A song by The Glitch Mob. I don’t usually go for that electronic sound- but aside from Daft Punk I’m digging this group, and have for years.

I had pizza this evening. I don’t think my body agreed with it.

I’ll do some serious stretching, as well as all of the coloring, come the morrow.

I’m tired. This song is bittersweet. I feel very broken and isolated and tired.

But somehow very calm.

Music is a wondrous thing. I cannot wait to be done, to have graduated; so I can quietly fade off into another life as I rebuild my reality again. My obligations will have been met by that point, and life can rebuild.

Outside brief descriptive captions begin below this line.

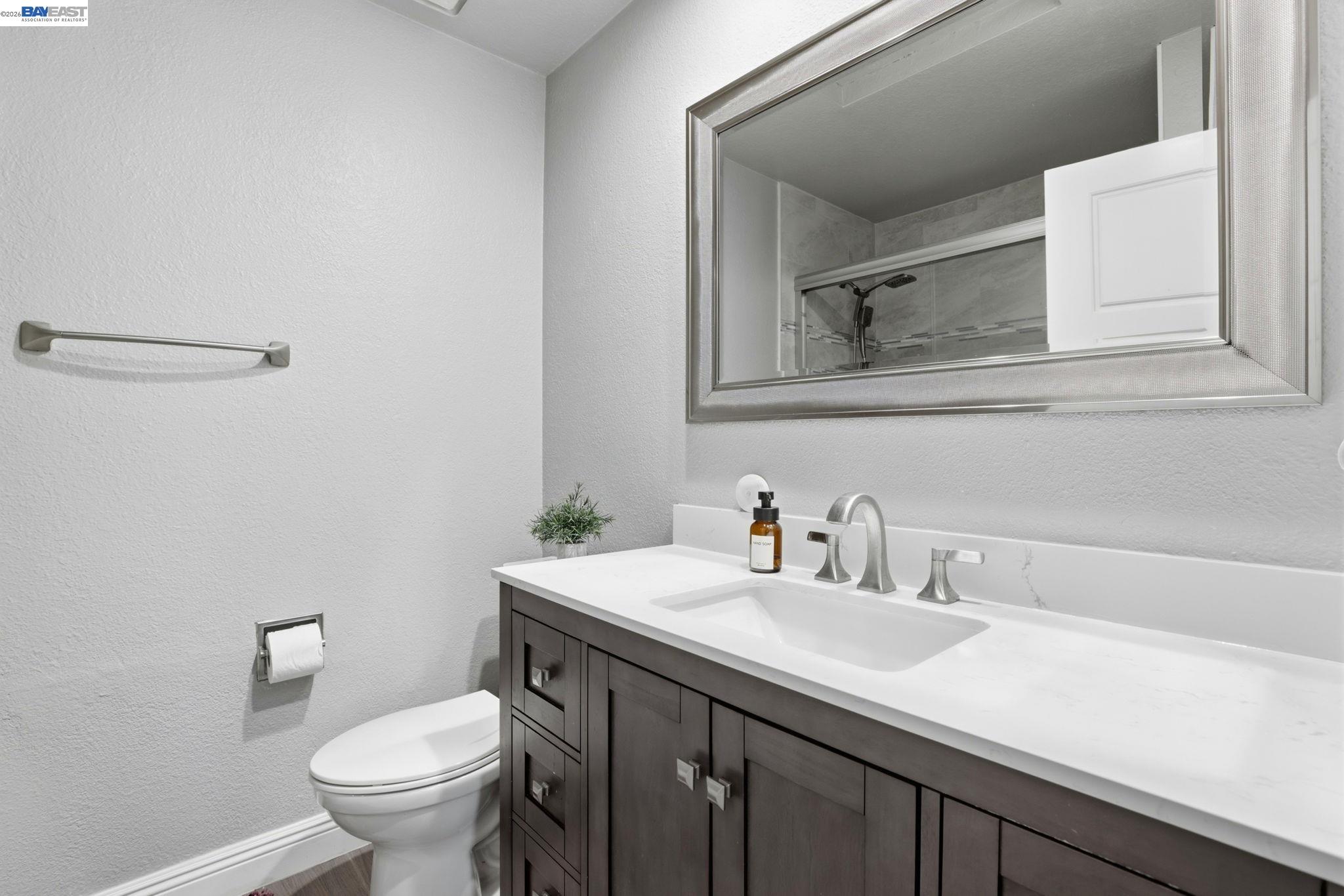 Detail Gallery Image 16 of 22 For 3877 Vine St, Pleasanton,  CA 94566 - 2 Beds | 2/1 Baths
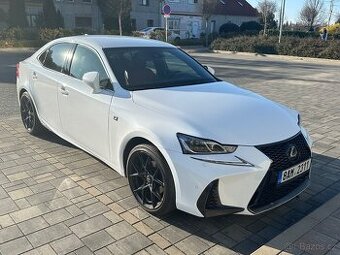 Lexus IS 300h F-Sport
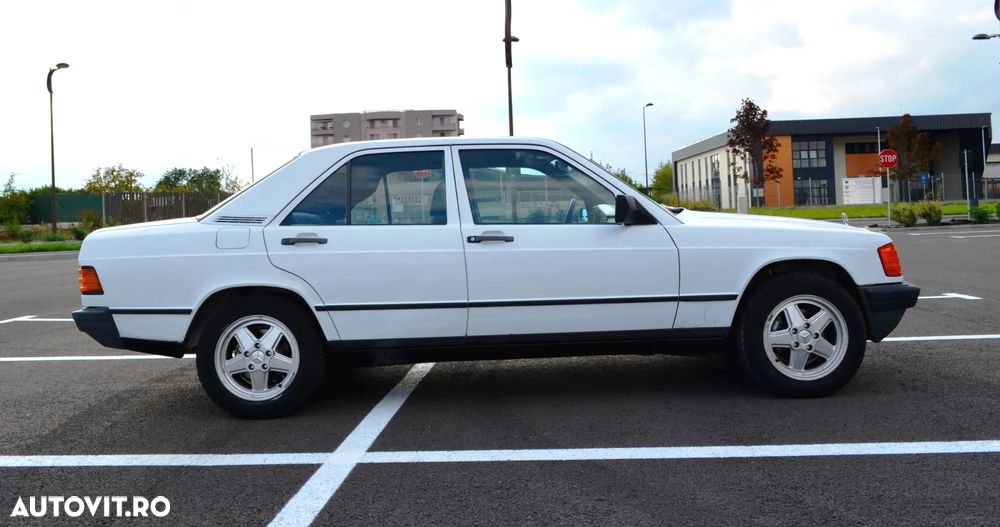 Mercedes-Benz 190 - 5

I’m so depressing tonight.

Perhaps it was due to my phone scaring me with a lack of response to everything I did. I never reset it, after I got it to reboot (after 4 attempts). And then finding out the hair place I need to get hold of wasn’t open as long as their damned Facebook page said. And then I couldn’t do anymore homework. I just…sat. And thought. And sat. Tested yoga poses, but they’re beyond my current flexibility because I’m just caught in an endless rut and I need to breathe but I can’t.

I just can’t.

And no one gets that.

All it ever is is “hang in there <3” and “you’re almost there!” and it’s not what I need to fucking hear.

And no one gets that. No one.

I just want to be somewhere far from this. Because I can’t fucking breathe or focus and I just…lost all steam. Gone. Poof. I’m cracking.

I never expected 2016 to proceed like this. I expected that joke of a relationship to end. I expected the crunch time.

Hell, I expected my mom to not understand just how much that awful summer job wears me out.

But this bout of depression is early. It shouldn’t have hit until 2017 at the earliest. But it never left from 2015.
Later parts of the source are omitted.